JAKARTA - Police are tracing the network behind an alleged cross-border gambling operation at Hayam Wuruk Plaza Tower, Indonesia’s state-owned news agency Antara reported on May 11.
Brigadier General Wira Satya Triputra said investigators are looking at the money trail, the sponsors behind the operation and the tenants linked to the office space. “We will coordinate with relevant agencies to investigate both the flow of funds and their sponsors,” he said.
Police transferred 320 foreign nationals to the Directorate General of Immigration under the Ministry of Immigration and Corrections on May 10, according to Antara. They are being held at immigration detention centers in West Jakarta and Kuningan, South Jakarta, while police proceedings continue.
The group included 228 Vietnamese, 57 Chinese, 13 Myanmar, 11 Laotian, five Thai, three Malaysian and three Cambodian nationals. One Indonesian citizen was handled separately by police, after an earlier police count listed 321 people arrested in the operation.
Police said the suspects were detained on May 7 after public tips led investigators to the alleged operation. In a previous report, Antara said authorities seized passports, phones, laptops, computers, safes and cash, and identified around 75 internet domains and websites suspected of facilitating online gambling.

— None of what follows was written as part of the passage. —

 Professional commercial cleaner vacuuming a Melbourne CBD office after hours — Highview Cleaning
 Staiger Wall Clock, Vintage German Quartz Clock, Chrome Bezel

“This was conducted in a structured manner, using electronic systems and organized cross-border digital operations,” Triputra said. In a separate May 9 report, Antara said police seized Rp1.9 billion, 53.82 million Vietnamese dong and US$10,210.
Indonesia’s Financial Transaction Reports and Analysis Center, or PPATK, said in January 2026 that online gambling money circulation in Indonesia reached Rp286.84 trillion in 2025, across 422.1 million transactions, down 20 percent from Rp359.81 trillion in 2024.
Deposits alone still reached Rp36.01 trillion, with 12.3 million people placing deposits through banks, e-wallets and QRIS, according to PPATK’s latest full-year data.
The United Nations Office on Drugs and Crime (UNODC) has described the wider regional model in similar terms. In a January 2024 report summary, the UN agency said illegal online casinos, e-junkets and crypto exchanges have become part of the underground banking and money-laundering infrastructure in East and Southeast Asia.